Monmouth was now in despair. With the death of his father, his last chance of being received at the English Court was gone. He had fallen into the hands of conspirators who were urging him to invade England. His own opinions were all against this; and he wished to take the advice of Fletcher, which, whether sound or not, was certain to be disinterested. So Fletcher went to Amsterdam; and what happened shows that Monmouth had acted wisely in sending for him.
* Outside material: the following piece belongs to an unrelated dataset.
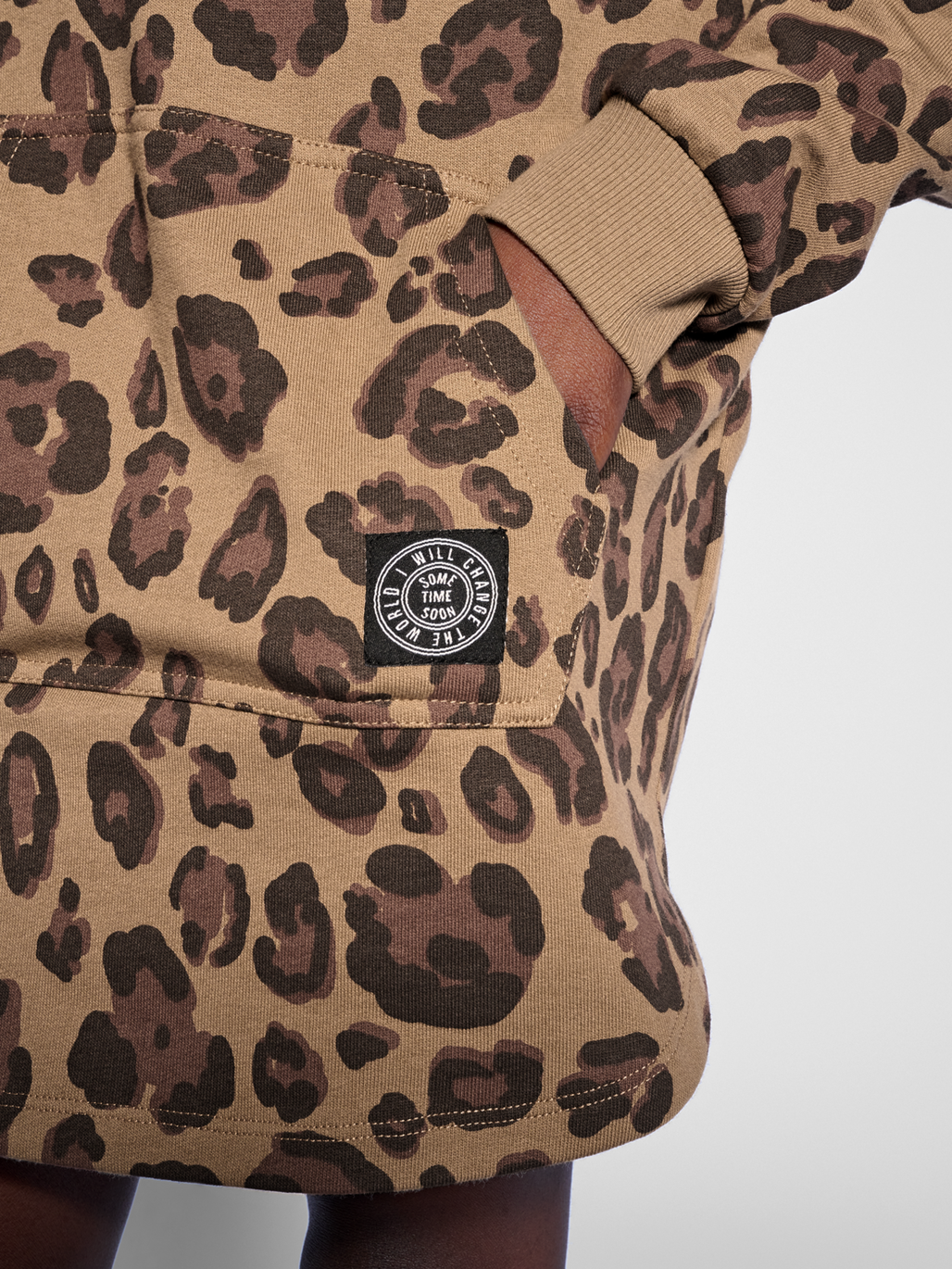 stmEASTWOOD HOODIE, SEPIA TINT, model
A long list could be compiled of the exiles who were now assembled at Amsterdam. Argyll, Lord Grey of Wark, and Ferguson the Plotter, were the most active and persistent of the conspirators who surrounded Monmouth; but a great part in these fateful deliberations was taken by Ayloffe and Rumbold, whose names are so well known in connection with the Rye-House Plot, by Wade, and by Captain Matthews. Dare, known as ‘Old Dare,’ to distinguish him from his son, must be specially remembered, as his name will presently occur in connection with the most painful event in Fletcher’s life. He had been a goldsmith of Taunton before he went into exile. He was a man of rough manners, but very popular in his native place. Having lived abroad for some time, he was now eager for an immediate descent on England, and persisted, more than any one else, in promising to Monmouth a general rising in the west country.
Another of the party was Anthony Buyse, who had served under the Elector of Brandenburgh, and whom readers of fiction may recollect as the ‘Brandenburgher’ with whom Micah Clarke has the bout of ‘handgrips,’ in Mr. Conan Doyle’s famous romance.